### Task to complete
Give back all of the data exactly. Leave nothing out.

### Given records
--
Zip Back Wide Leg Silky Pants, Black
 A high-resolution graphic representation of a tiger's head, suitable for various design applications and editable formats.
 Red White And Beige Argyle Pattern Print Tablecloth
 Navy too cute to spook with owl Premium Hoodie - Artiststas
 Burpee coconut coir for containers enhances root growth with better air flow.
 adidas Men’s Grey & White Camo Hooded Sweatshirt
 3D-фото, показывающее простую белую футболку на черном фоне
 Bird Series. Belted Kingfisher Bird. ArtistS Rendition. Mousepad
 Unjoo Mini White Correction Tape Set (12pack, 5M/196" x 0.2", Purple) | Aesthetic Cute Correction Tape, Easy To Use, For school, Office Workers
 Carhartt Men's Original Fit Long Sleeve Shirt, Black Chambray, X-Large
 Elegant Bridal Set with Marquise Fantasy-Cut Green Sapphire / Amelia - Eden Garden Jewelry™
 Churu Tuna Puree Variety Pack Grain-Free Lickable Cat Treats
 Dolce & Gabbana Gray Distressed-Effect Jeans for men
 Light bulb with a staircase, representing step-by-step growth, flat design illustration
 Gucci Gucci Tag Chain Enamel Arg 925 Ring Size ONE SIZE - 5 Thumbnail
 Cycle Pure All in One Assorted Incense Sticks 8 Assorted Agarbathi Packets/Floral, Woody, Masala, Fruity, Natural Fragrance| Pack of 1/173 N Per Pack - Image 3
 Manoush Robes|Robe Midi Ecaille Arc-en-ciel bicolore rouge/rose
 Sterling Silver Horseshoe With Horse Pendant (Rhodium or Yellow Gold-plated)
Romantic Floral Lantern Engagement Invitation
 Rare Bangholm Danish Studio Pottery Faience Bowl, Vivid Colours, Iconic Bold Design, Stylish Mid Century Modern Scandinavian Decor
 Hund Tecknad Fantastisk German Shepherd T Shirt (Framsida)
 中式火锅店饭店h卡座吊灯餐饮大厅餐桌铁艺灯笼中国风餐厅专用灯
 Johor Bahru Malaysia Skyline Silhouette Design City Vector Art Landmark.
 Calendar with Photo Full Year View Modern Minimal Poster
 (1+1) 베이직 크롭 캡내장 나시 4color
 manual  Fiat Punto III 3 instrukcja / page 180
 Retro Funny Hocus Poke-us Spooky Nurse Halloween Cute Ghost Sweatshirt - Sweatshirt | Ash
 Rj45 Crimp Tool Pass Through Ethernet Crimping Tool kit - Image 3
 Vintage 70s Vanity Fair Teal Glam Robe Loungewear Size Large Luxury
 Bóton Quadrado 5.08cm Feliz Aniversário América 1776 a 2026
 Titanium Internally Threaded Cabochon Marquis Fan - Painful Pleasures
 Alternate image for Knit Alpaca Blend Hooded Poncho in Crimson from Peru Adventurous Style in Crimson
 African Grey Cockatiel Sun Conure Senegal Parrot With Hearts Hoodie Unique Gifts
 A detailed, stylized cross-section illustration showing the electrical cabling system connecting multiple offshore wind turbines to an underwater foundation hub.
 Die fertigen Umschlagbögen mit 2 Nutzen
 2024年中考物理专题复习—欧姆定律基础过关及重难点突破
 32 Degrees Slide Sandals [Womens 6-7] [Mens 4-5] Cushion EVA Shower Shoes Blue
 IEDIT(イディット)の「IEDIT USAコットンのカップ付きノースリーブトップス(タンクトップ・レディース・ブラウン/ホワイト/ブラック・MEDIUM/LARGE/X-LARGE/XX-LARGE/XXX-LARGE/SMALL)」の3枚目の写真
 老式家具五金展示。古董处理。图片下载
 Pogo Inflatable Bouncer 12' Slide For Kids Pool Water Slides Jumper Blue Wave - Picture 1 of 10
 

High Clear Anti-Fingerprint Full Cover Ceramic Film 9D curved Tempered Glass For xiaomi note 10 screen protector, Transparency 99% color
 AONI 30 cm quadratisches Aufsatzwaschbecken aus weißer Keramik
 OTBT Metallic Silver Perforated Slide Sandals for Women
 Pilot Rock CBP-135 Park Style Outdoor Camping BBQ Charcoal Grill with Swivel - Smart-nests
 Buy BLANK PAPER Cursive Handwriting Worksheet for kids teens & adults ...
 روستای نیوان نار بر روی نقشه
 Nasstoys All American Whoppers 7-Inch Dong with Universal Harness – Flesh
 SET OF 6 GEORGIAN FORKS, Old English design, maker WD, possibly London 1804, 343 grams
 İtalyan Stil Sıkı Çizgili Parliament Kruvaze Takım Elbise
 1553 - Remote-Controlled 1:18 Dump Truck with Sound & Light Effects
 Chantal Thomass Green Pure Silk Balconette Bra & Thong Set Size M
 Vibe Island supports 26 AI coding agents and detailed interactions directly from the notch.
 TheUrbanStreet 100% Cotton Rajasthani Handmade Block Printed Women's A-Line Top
--
### Solution to this exercise
Zip Back Wide Leg Silky Pants, Black
 A high-resolution graphic representation of a tiger's head, suitable for various design applications and editable formats.
 Red White And Beige Argyle Pattern Print Tablecloth
 Navy too cute to spook with owl Premium Hoodie - Artiststas
 Burpee coconut coir for containers enhances root growth with better air flow.
 adidas Men’s Grey & White Camo Hooded Sweatshirt
 3D-фото, показывающее простую белую футболку на черном фоне
 Bird Series. Belted Kingfisher Bird. ArtistS Rendition. Mousepad
 Unjoo Mini White Correction Tape Set (12pack, 5M/196" x 0.2", Purple) | Aesthetic Cute Correction Tape, Easy To Use, For school, Office Workers
 Carhartt Men's Original Fit Long Sleeve Shirt, Black Chambray, X-Large
 Elegant Bridal Set with Marquise Fantasy-Cut Green Sapphire / Amelia - Eden Garden Jewelry™
 Churu Tuna Puree Variety Pack Grain-Free Lickable Cat Treats
 Dolce & Gabbana Gray Distressed-Effect Jeans for men
 Light bulb with a staircase, representing step-by-step growth, flat design illustration
 Gucci Gucci Tag Chain Enamel Arg 925 Ring Size ONE SIZE - 5 Thumbnail
 Cycle Pure All in One Assorted Incense Sticks 8 Assorted Agarbathi Packets/Floral, Woody, Masala, Fruity, Natural Fragrance| Pack of 1/173 N Per Pack - Image 3
 Manoush Robes|Robe Midi Ecaille Arc-en-ciel bicolore rouge/rose
 Sterling Silver Horseshoe With Horse Pendant (Rhodium or Yellow Gold-plated)
Romantic Floral Lantern Engagement Invitation
 Rare Bangholm Danish Studio Pottery Faience Bowl, Vivid Colours, Iconic Bold Design, Stylish Mid Century Modern Scandinavian Decor
 Hund Tecknad Fantastisk German Shepherd T Shirt (Framsida)
 中式火锅店饭店h卡座吊灯餐饮大厅餐桌铁艺灯笼中国风餐厅专用灯
 Johor Bahru Malaysia Skyline Silhouette Design City Vector Art Landmark.
 Calendar with Photo Full Year View Modern Minimal Poster
 (1+1) 베이직 크롭 캡내장 나시 4color
 manual  Fiat Punto III 3 instrukcja / page 180
 Retro Funny Hocus Poke-us Spooky Nurse Halloween Cute Ghost Sweatshirt - Sweatshirt | Ash
 Rj45 Crimp Tool Pass Through Ethernet Crimping Tool kit - Image 3
 Vintage 70s Vanity Fair Teal Glam Robe Loungewear Size Large Luxury
 Bóton Quadrado 5.08cm Feliz Aniversário América 1776 a 2026
 Titanium Internally Threaded Cabochon Marquis Fan - Painful Pleasures
 Alternate image for Knit Alpaca Blend Hooded Poncho in Crimson from Peru Adventurous Style in Crimson
 African Grey Cockatiel Sun Conure Senegal Parrot With Hearts Hoodie Unique Gifts
 A detailed, stylized cross-section illustration showing the electrical cabling system connecting multiple offshore wind turbines to an underwater foundation hub.
 Die fertigen Umschlagbögen mit 2 Nutzen
 2024年中考物理专题复习—欧姆定律基础过关及重难点突破
 32 Degrees Slide Sandals [Womens 6-7] [Mens 4-5] Cushion EVA Shower Shoes Blue
 IEDIT(イディット)の「IEDIT USAコットンのカップ付きノースリーブトップス(タンクトップ・レディース・ブラウン/ホワイト/ブラック・MEDIUM/LARGE/X-LARGE/XX-LARGE/XXX-LARGE/SMALL)」の3枚目の写真
 老式家具五金展示。古董处理。图片下载
 Pogo Inflatable Bouncer 12' Slide For Kids Pool Water Slides Jumper Blue Wave - Picture 1 of 10
 

High Clear Anti-Fingerprint Full Cover Ceramic Film 9D curved Tempered Glass For xiaomi note 10 screen protector, Transparency 99% color
 AONI 30 cm quadratisches Aufsatzwaschbecken aus weißer Keramik
 OTBT Metallic Silver Perforated Slide Sandals for Women
 Pilot Rock CBP-135 Park Style Outdoor Camping BBQ Charcoal Grill with Swivel - Smart-nests
 Buy BLANK PAPER Cursive Handwriting Worksheet for kids teens & adults ...
 روستای نیوان نار بر روی نقشه
 Nasstoys All American Whoppers 7-Inch Dong with Universal Harness – Flesh
 SET OF 6 GEORGIAN FORKS, Old English design, maker WD, possibly London 1804, 343 grams
 İtalyan Stil Sıkı Çizgili Parliament Kruvaze Takım Elbise
 1553 - Remote-Controlled 1:18 Dump Truck with Sound & Light Effects
 Chantal Thomass Green Pure Silk Balconette Bra & Thong Set Size M
 Vibe Island supports 26 AI coding agents and detailed interactions directly from the notch.
 TheUrbanStreet 100% Cotton Rajasthani Handmade Block Printed Women's A-Line Top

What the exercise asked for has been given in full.